Lilian ne répondit pas.

— En tout cas, reprit la pétulante Grace, désormais nous serons deux pour songer à tout cela. Et puis, vois-tu, si j’étais à ta place…

— Que ferais-tu ?

— J’attendrais bien paisiblement que Mrs. Allan daignât revenir de voyage, et alors…

— Alors ?

— La première fois que je le reverrais…

— Tu l’interrogerais, ah ! tu as raison…

Mais Grace appliqua sa main potelée sur les lèvres de son amie.

— Veux-tu bien te taire ? L’interroger !… Mais, pauvre chérie, s’il ne s’est pas encore expliqué, c’est qu’il existe des motifs pour lesquels il croit devoir garder le silence.

— En ce cas, je ne saurai rien.

— Tu te trompes, ma belle Lilian… Tu es si sincère, si bonne, que tu oublies la ruse, cet appoint qui réussit souvent là où la force échouerait.

— Je ne saisis pas.

— Je m’en aperçois. Donc, je serais miss Lilian, que je recevrais très gentiment Mrs.
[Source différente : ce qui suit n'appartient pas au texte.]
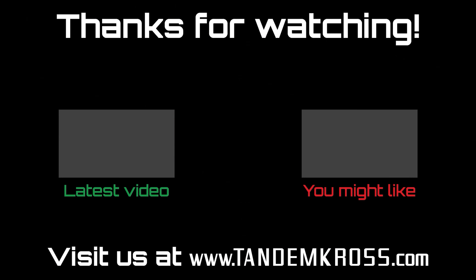Thank you so much for watching. Be sure to like and subscribe. Make sure to like, subscribe, and share this video on whatever social media platform you use. I'm Luke with Tandem Cross and we're here to make your good guns great. Keep up with us on social media for daily updates.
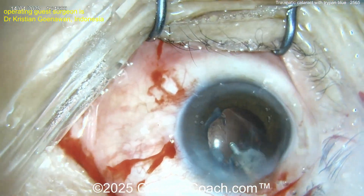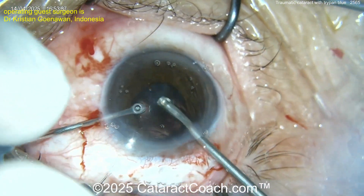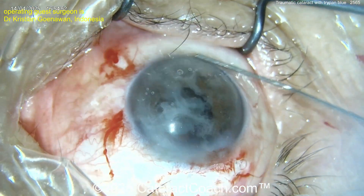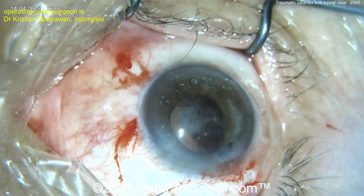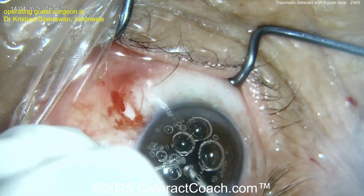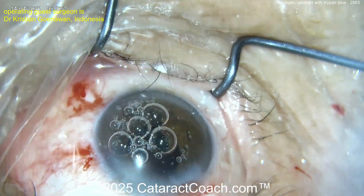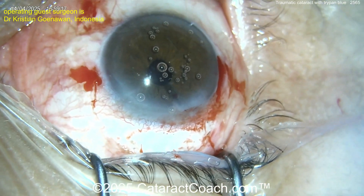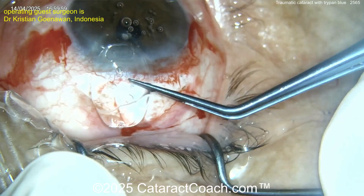As you start to remove the vitreous, the nucleus can get farther and farther away from you. Here doing a bimanual anterior vitrectomy — and there it is, triamcinolone — that helps, that looks pretty clean actually. Take your time here. This patient had basically an intracapsular extraction — the entire capsule came out with the nucleus. Now once it's cleaned up, time for the IOL.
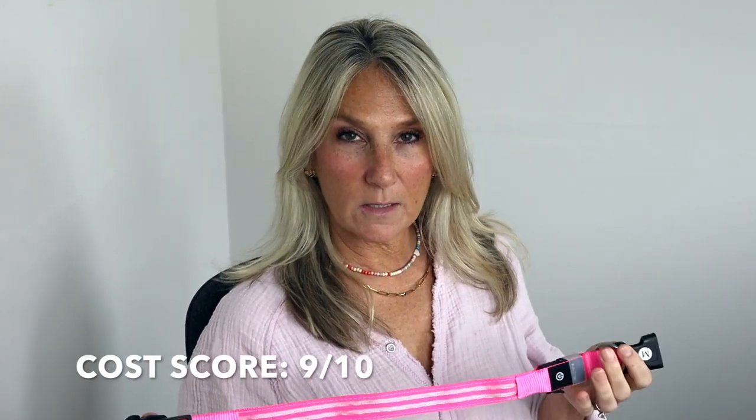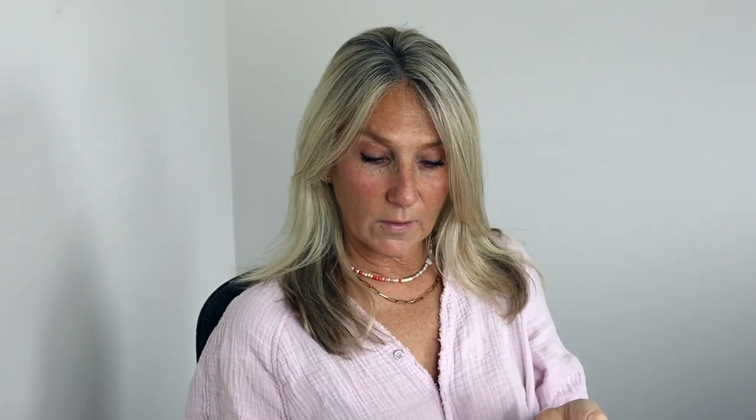Now we're going to do the furry friend zone review score. For cost at $20, I'm going to give that a 9 out of 10 because any collar is approximately $20 and this has more usable features than just a regular plain collar. For effectiveness I'm giving it a 10 out of 10 because it does exactly what they say plus more — being waterproof and awesome at night, and usable during the day too. For durability I'm giving it a 9.5 out of 10 because it's washable, waterproof, has protective spots for the USB port, a really good safety latch, and comes in great colors.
Allan, je lui demanderais des nouvelles de son voyage, chose toute naturelle, et je suis certaine, et tout à fait certaine que je l’embarrasserais tellement…

— Toi, une gamine, embrasser Allan !

La fillette se prit à rire, et sans se formaliser sur l’épithète :

— Oui, moi une gamine, je me charge d’embarrasser quiconque essayera de me répondre sans parler clairement. Il n’y a point de présomption dans mon cas, mais simplement la conviction de l’infériorité de celui qui veut converser à coup de demi-vérités.

Un bruit sourd parvint aux oreilles des jeunes filles.